Knietief im Dispo. 2002. Wenige Meter vom KaDeWe meine erste Wohnung. Ausbildung Horror. Durchhalten. Keine Kohle. Ok, die Mieten waren erschwinglicher. 250 EUR für 35qm²?! Aber eine SMS hat damals noch 0,29 EUR gekostet. Daher gleicht sich das aus. Die VOGUE, InStyle und ELLE stapelten sich in meiner Bude auf dem roten Teppich. Das war meine Flucht. Der Luxus. Das Schöne. Der Glanz. Meine Bibeln. Lieber eine VOGUE kaufen als ein Brot. Fashion und Design in meiner Nähe hat mich mehr genährt.

Und dann war es soweit. Ich wollte auch etwas von dem Schönen haben. Ab zu CHANEL im KaDeWe. Immer an den Schaufenstern vorbei. Hermes. GUCCI. Prada. Mein Leben bestand bis dahin aus 2. Hand und H&M. Und für jedes neue Sneakerpaar musste ich hart arbeiten.

Aber jetzt. Was kann ich mir leisten?! Aha. CHANEL Emaille Ohrringe. Nehm ick. 160 EUR. Zweimal getragen. Nur schön zu Hause trapiert. Es hat mich glücklich gemacht. Jahrelang. Und das war ok. Es war symbolisch für ‚Du bist es wert‘. Ich habe mir etwas gegönnt. Auch wenn dann nur Tütensuppe drin war. Ich war satt. Bis heute. Ich liebe es.

Jetzt kann ich zu CHANEL reinspazieren und mir alles kaufen. Kein Problem. Aber es nährt mich nicht mehr.

Ich bleibe Fan. Das Produktdesign. Die Werbefotografie. Das Design. Luxus. Glanz.

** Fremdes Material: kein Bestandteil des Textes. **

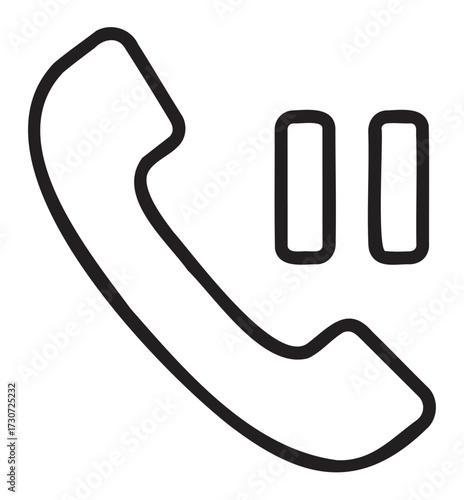 Pause button with telephone handset icon for communication and contact concepts - stock vector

Schein. Ich verstehe die Faszination. Ich brauche das.

Aber ich kann heute entspannt am KaDeWe vorbeischlendern, ohne Sehnsucht zu haben. Und wieder wohne ich wenige Meter vom Tempel des Konsums entfernt. 20 Jahre später. Es funkelt. Glänzt. Ich brauche es nicht. Aber ich verstehe es.

3..2…1.meins. Die Ohrringe haben eine neue glückliche Besitzerin über ebay gefunden. Hoffentlich musste sie dafür nicht den Dispo ausreizen. Aber ich würde es verstehen.